PROBLEM DETAILS =>
What needs reproducing is the run of lines in the data below starting at the line with "Soggiorno La Primula Siena Habitación foto" and ending at the line with "Galpão / Barracão", both ends included. Copy it exactly, without pictures, and add nothing.

RECORDS PROVIDED =>
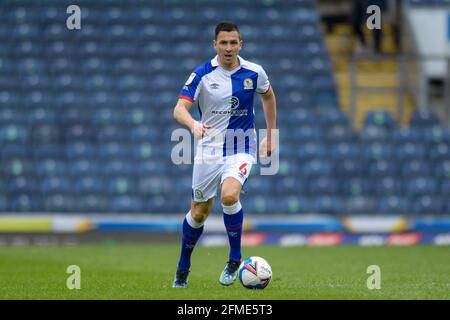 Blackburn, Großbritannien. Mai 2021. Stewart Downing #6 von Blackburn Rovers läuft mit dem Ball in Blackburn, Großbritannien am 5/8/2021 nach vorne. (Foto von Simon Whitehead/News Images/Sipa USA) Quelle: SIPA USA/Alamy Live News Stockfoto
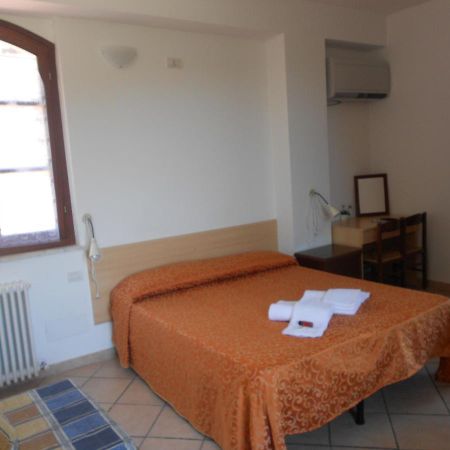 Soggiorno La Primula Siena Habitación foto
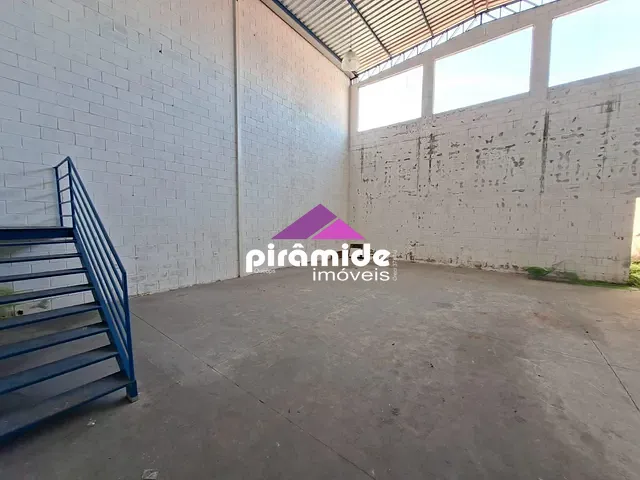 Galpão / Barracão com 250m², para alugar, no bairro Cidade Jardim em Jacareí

---

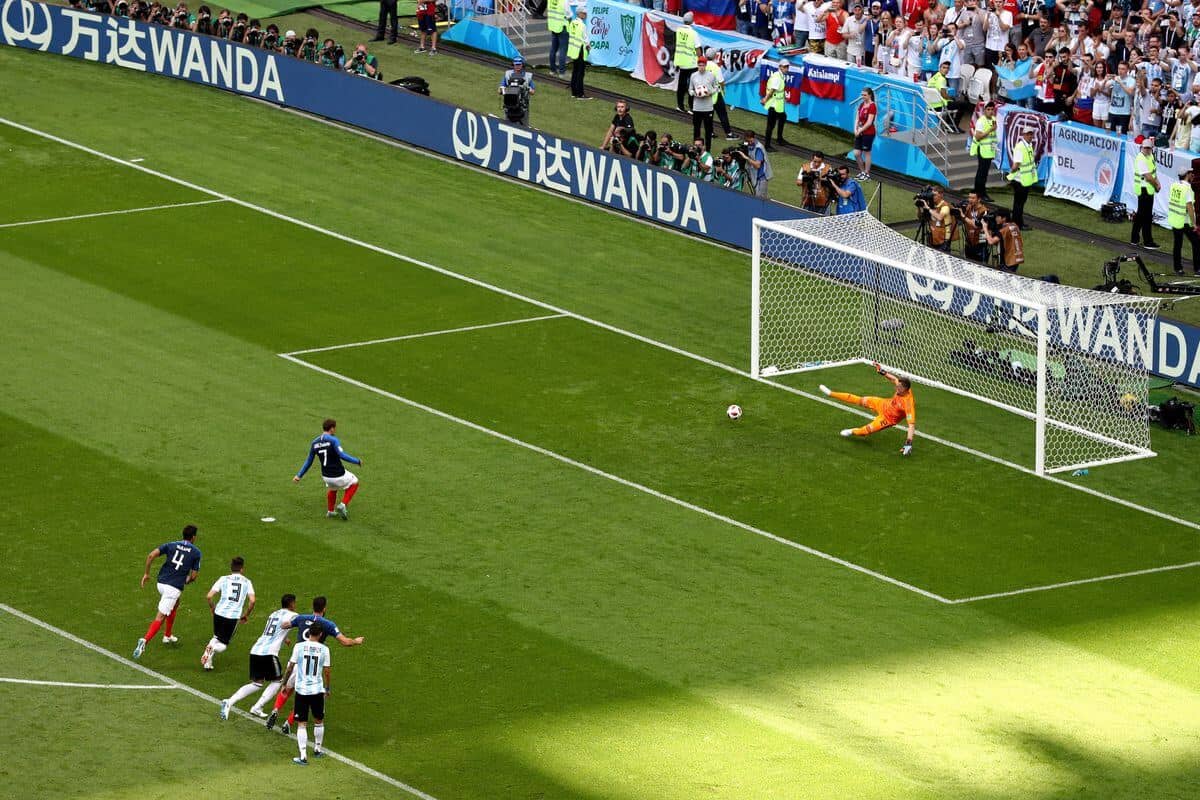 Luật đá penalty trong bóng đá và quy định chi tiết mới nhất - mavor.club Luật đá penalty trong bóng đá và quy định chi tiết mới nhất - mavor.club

SOLUTION BELOW =>
 Soggiorno La Primula Siena Habitación foto
 Galpão / Barracão com 250m², para alugar, no bairro Cidade Jardim em Jacareí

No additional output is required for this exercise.